On Tue, 29 Oct 2013 14:27:38 -0700, Guenter Roeck <linux@xxxxxxxxxxxx>
wrote:
> On Tue, Oct 29, 2013 at 06:22:47PM +0100, boris brezillon wrote:
>> On 29/10/2013 17:43, Guenter Roeck wrote:
>> >On Tue, Oct 29, 2013 at 05:22:50PM +0100, boris brezillon wrote:
>> >>On 29/10/2013 16:45, Guenter Roeck wrote:
>> >>>On Tue, Oct 29, 2013 at 11:37:33AM +0100, Boris BREZILLON wrote:
>> >>>>Fix the secs_to_ticks macro in case 0 is passed as an argument.
>> >>>>
>> >>>>Rework the heartbeat calculation to increase the security margin of the
>> >>>>watchdog reset timer.
>> >>>>
>> >>>>Use the min_heartbeat value instead of the calculated heartbeat value for
>> >>>>the first watchdog reset.
>> >>>>
>> >>>>Signed-off-by: Boris BREZILLON <b.brezillon@xxxxxxxxxxx>
>> >>>Hi Boris,
>> >>>
>> >>>can you possibly split the three changes into separate patches ?
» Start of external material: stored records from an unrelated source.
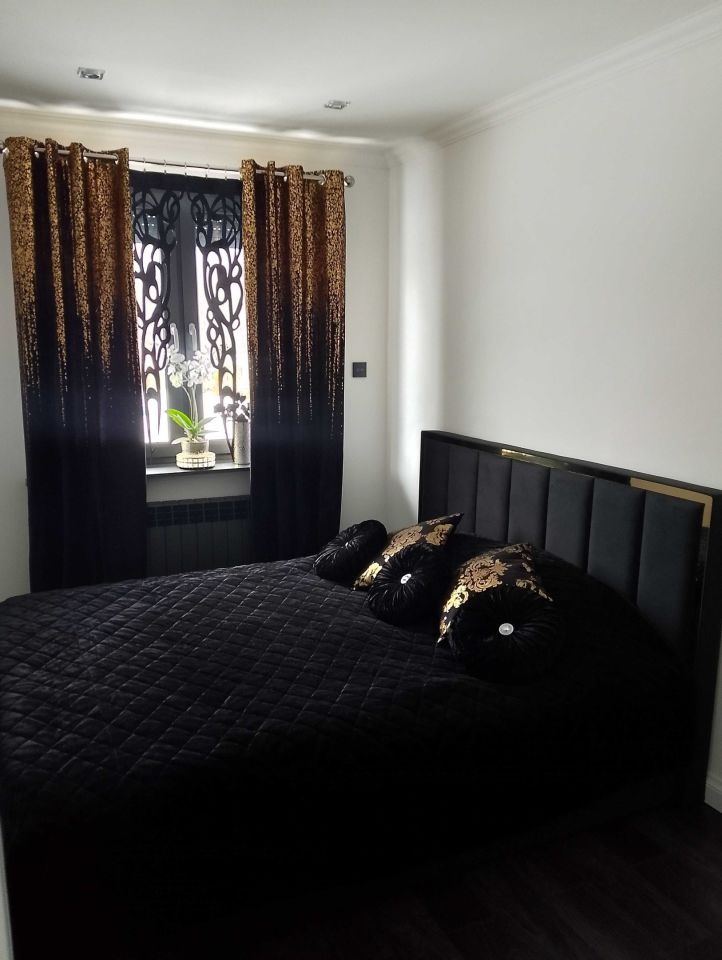 dom wolnostojący Policko. Zdjęcie 6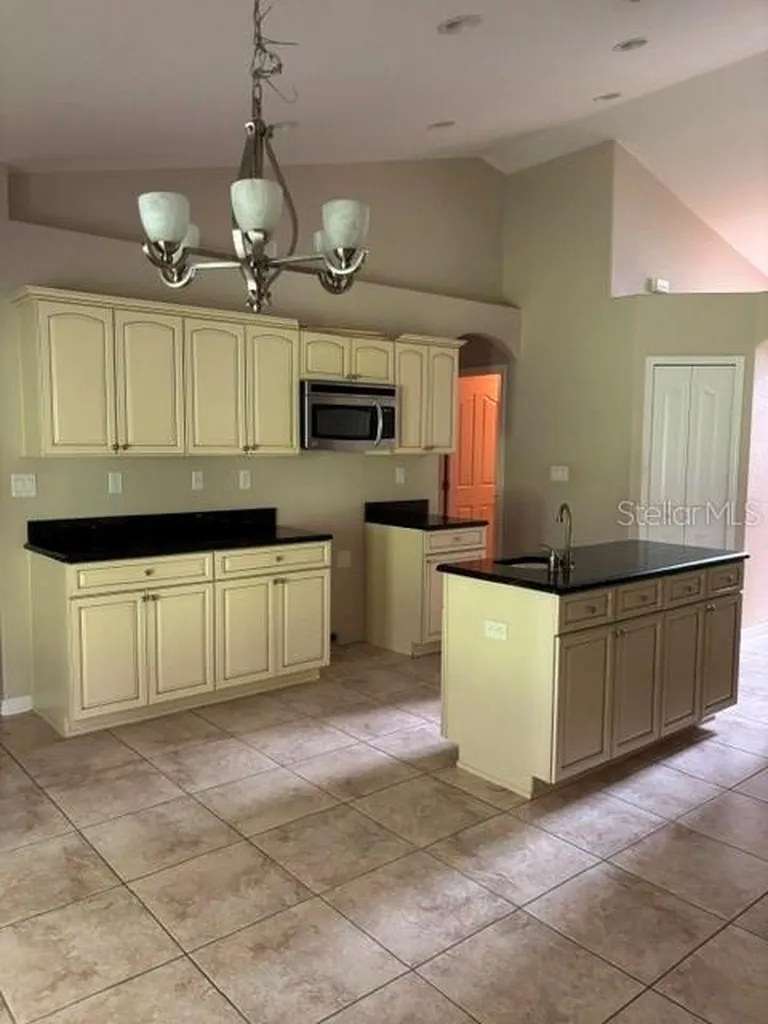 9209 Mcintyre Road Brooksville FL 34601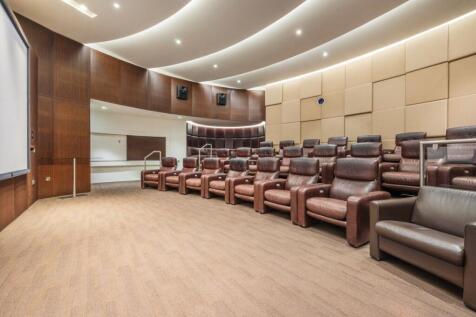 Theatre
>> >>Sure. My first idea was to split this in 3 patches, but, as the
>> >>buggy at91 watchdog series was
>> >>already applied to linux-watchdog-next, I thought it would be faster
>> >>to only provide one
>> >>patch to fix all the issues at once.
>> >>
>> >>>The first is a no-brainer. Gives my opinion of my code review capabilities
>> >>>a slight damper ;-).
>> >>>
>> >>>For the other two problems, it might make sense to describe
>> >>>the problems you are trying to solve.
>> >>>
>> >>>Couple of comments inline.
>> >>>
>> >>>Thanks,
>> >>>Guenter
>> >>>
>> >>>
>> >>>>---
>> >>>> drivers/watchdog/at91sam9_wdt.c | 35 ++++++++++++++++++++++++-----------
>> >>>> 1 file changed, 24 insertions(+), 11 deletions(-)
>> >>>>
>> >>>>diff --git a/drivers/watchdog/at91sam9_wdt.c b/drivers/watchdog/at91sam9_wdt.c
>> >>>>index 9bd089e..f1b59f1 100644
>> >>>>--- a/drivers/watchdog/at91sam9_wdt.c
>> >>>>+++ b/drivers/watchdog/at91sam9_wdt.c
>> >>>>@@ -51,7 +51,7 @@
>> >>>> #define ticks_to_hz_rounddown(t) ((((t) + 1) * HZ) >> 8)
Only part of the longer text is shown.